■ What you have to do
Among the lines of data below, reproduce only those from the one with "Albino alligator resting" through the one with "Top 10 Plant", exactly as they stand, both ends included.

(Collection entries)
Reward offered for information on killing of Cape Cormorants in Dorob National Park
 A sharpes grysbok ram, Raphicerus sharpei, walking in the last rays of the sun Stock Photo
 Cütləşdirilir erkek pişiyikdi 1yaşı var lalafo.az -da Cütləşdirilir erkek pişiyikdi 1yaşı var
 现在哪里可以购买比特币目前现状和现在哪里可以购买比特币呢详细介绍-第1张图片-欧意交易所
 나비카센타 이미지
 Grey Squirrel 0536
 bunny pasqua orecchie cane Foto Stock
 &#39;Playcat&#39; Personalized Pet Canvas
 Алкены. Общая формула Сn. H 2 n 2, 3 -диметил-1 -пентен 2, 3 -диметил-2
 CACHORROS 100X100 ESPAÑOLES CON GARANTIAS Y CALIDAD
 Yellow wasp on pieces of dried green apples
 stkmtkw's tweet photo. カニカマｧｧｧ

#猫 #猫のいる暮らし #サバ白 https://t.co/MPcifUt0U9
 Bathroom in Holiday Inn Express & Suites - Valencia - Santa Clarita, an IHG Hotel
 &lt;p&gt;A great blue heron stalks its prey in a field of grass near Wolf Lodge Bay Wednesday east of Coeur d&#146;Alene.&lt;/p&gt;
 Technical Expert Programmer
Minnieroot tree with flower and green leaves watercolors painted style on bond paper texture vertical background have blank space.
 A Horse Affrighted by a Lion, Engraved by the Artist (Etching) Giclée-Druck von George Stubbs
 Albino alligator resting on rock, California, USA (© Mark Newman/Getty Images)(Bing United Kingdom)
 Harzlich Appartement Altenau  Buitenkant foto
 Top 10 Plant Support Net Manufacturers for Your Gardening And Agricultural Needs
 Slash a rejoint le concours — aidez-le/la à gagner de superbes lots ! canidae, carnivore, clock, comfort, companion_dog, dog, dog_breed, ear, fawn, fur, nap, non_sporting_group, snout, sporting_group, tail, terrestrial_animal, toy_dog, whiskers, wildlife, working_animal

■ Solution for this task
 Albino alligator resting on rock, California, USA (© Mark Newman/Getty Images)(Bing United Kingdom)
 Harzlich Appartement Altenau  Buitenkant foto
 Top 10 Plant Support Net Manufacturers for Your Gardening And Agricultural Needs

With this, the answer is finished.